*TASK REQUIREMENTS*. Each line holding the word "Master" must appear in the answer, copied from the entries.

Dataset entries

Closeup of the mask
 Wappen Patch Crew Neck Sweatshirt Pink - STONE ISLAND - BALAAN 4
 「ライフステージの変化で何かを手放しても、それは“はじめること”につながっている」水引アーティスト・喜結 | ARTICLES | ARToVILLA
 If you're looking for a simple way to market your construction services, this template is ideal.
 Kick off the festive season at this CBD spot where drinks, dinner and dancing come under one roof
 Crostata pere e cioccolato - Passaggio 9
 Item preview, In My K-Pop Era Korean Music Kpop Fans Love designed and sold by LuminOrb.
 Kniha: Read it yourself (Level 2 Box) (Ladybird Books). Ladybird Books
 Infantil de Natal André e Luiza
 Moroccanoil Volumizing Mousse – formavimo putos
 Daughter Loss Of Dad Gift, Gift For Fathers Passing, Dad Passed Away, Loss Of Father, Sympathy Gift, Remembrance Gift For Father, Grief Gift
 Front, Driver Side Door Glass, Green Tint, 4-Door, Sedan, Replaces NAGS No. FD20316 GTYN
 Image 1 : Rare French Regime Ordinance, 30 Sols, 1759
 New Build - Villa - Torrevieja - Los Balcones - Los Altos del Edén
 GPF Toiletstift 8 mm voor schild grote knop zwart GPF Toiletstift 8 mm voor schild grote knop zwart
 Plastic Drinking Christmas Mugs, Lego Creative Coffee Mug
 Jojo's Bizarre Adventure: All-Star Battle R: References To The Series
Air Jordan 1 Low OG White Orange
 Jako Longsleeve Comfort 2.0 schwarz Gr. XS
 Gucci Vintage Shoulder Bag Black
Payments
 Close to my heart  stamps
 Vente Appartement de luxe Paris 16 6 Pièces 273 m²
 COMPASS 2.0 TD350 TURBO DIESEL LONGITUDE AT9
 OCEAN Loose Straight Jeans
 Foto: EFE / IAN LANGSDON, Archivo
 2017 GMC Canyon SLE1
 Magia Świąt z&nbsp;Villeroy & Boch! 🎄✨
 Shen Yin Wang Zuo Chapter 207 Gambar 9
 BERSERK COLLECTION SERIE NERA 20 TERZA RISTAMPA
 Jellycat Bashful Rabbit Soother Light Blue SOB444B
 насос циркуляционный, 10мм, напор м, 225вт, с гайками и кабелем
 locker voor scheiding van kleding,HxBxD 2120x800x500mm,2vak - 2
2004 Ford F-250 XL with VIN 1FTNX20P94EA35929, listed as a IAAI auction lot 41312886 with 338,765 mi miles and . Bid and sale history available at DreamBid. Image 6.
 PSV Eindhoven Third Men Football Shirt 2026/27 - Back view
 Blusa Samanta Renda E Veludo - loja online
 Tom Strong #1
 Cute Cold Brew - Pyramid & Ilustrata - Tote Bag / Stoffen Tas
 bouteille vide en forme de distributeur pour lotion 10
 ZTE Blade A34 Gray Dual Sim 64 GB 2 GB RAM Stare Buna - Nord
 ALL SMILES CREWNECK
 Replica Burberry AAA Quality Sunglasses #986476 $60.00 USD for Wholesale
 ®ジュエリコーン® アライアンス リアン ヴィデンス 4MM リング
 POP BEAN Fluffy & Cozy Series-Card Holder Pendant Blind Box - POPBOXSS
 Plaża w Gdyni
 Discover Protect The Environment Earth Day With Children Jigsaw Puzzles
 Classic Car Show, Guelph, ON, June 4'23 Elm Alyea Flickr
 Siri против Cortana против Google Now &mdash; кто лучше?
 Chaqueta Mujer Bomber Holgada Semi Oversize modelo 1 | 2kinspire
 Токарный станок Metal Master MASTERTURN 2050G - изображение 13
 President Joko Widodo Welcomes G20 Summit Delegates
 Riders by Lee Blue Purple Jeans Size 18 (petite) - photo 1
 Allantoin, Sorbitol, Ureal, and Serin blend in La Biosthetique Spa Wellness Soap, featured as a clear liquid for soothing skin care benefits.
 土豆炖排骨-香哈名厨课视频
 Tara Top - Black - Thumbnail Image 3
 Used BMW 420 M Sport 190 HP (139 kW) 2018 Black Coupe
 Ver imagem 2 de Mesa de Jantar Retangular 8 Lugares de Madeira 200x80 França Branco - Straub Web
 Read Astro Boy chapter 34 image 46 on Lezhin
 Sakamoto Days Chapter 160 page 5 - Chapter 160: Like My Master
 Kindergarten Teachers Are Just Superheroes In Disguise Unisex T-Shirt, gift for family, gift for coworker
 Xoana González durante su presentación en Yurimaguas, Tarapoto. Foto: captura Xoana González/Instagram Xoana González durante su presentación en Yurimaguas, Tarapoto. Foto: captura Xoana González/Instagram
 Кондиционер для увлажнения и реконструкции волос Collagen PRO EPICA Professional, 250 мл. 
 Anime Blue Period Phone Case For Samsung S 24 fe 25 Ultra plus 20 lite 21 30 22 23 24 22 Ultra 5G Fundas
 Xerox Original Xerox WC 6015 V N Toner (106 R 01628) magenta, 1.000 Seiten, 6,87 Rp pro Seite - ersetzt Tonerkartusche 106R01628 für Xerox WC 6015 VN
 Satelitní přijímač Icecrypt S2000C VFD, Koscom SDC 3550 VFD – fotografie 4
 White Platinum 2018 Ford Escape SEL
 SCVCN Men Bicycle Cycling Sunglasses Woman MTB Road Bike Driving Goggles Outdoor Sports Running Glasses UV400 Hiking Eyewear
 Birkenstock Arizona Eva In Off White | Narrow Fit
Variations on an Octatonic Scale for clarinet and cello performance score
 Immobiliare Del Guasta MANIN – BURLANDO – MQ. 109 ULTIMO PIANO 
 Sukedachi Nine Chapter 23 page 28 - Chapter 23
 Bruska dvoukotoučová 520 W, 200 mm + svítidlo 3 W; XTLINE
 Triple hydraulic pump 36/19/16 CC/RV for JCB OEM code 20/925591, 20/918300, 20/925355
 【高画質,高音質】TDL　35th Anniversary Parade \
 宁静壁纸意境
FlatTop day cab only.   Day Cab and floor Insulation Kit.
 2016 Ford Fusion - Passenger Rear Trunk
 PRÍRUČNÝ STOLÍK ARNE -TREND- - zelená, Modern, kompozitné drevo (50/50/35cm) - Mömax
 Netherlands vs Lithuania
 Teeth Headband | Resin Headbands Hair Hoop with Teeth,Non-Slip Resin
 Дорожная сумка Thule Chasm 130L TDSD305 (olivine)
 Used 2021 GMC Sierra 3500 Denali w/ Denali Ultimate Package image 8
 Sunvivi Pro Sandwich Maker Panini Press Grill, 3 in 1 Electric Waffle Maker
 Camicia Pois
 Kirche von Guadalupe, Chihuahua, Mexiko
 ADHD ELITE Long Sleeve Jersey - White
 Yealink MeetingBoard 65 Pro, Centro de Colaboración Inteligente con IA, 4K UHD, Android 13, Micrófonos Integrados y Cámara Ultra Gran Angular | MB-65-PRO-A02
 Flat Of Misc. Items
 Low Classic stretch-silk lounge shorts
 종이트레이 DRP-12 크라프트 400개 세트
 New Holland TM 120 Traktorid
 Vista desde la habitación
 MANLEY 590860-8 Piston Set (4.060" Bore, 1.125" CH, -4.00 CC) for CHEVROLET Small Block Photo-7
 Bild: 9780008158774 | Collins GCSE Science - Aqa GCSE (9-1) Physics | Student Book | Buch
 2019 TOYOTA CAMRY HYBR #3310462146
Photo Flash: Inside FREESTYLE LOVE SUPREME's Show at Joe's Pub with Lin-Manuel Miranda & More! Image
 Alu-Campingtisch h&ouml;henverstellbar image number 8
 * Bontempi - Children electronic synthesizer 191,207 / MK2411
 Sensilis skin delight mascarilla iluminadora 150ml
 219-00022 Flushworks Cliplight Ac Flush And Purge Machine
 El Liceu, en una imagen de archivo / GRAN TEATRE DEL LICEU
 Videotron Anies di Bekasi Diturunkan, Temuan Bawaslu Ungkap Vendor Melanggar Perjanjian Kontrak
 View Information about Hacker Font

*TASK OUTPUT*.
 Токарный станок Metal Master MASTERTURN 2050G - изображение 13
 Sakamoto Days Chapter 160 page 5 - Chapter 160: Like My Master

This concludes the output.